尤其是傅士仁這種元從老臣,深得劉備信重,前將軍關羽更是將鎮守公安的重任交給了他,沒想到在關鍵時刻,直接反水了。
若非劉禪及時趕到,就算是糜芳不降,在傅士仁的裡因外和之下,江陵也有很大的機率不保。
“傅士仁,臨死之前,可有遺言交代?”
劉禪這句話,讓傅士仁空洞潰散的瞳孔聚合了不少,他眼中略微出現了些神采。
“遺言?呵呵,我哪還有遺言?便請殿下賜我一死罷。”
嘴裡面的臭布被拿出來,傅士仁搖了搖頭,臉上滿是死志。
“早知如此,何必當初?”
劉禪提劍,緩緩上前。
早知如此,何必當初?
或許是劉禪手上的寶劍太過鋒利,燈火對映下,劍鋒發出的寒光讓他心中升起懼意。
亦或者是生死之間的大恐怖,已經讓他難以保持鎮定。
傅士仁面色猙獰,他死死的盯著劉禪,大吼道:“一千多兵丁,如何守得住公安?大都督呂蒙手底下有三萬勁卒,當日我在公安城頭,看那舟船滿江都是,一眼望不到盡頭,我不投降,又能如何?”
他面色悽苦,臉上已經是涕泗橫流了。
“他關雲長為何要如此待我?不過是燒了些許糧秣罷了,便還要殺我?將我放在公安,不是故意害我性命?他對我不仁,就別怪我對他不義!”

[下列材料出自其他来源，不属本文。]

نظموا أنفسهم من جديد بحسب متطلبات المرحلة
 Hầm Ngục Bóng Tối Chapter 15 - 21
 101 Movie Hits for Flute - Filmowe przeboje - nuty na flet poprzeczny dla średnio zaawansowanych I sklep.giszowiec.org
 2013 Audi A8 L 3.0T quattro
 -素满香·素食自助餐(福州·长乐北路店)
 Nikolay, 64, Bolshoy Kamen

或許是吼得太累了,可能也有從昨日到如今都滴水未進的原因,傅士仁只覺口中乾澀,腹中飢餓,被繩索捆綁的四肢,更是一點力氣都提不起來。
但他心中仍然不服,仍有怨氣!
“還有你糜芳!你為何不降?為何不降?我聽陸遜言之,原本你便降了,若沒有殿下,今日跪在此處的,便還有伱糜子方!”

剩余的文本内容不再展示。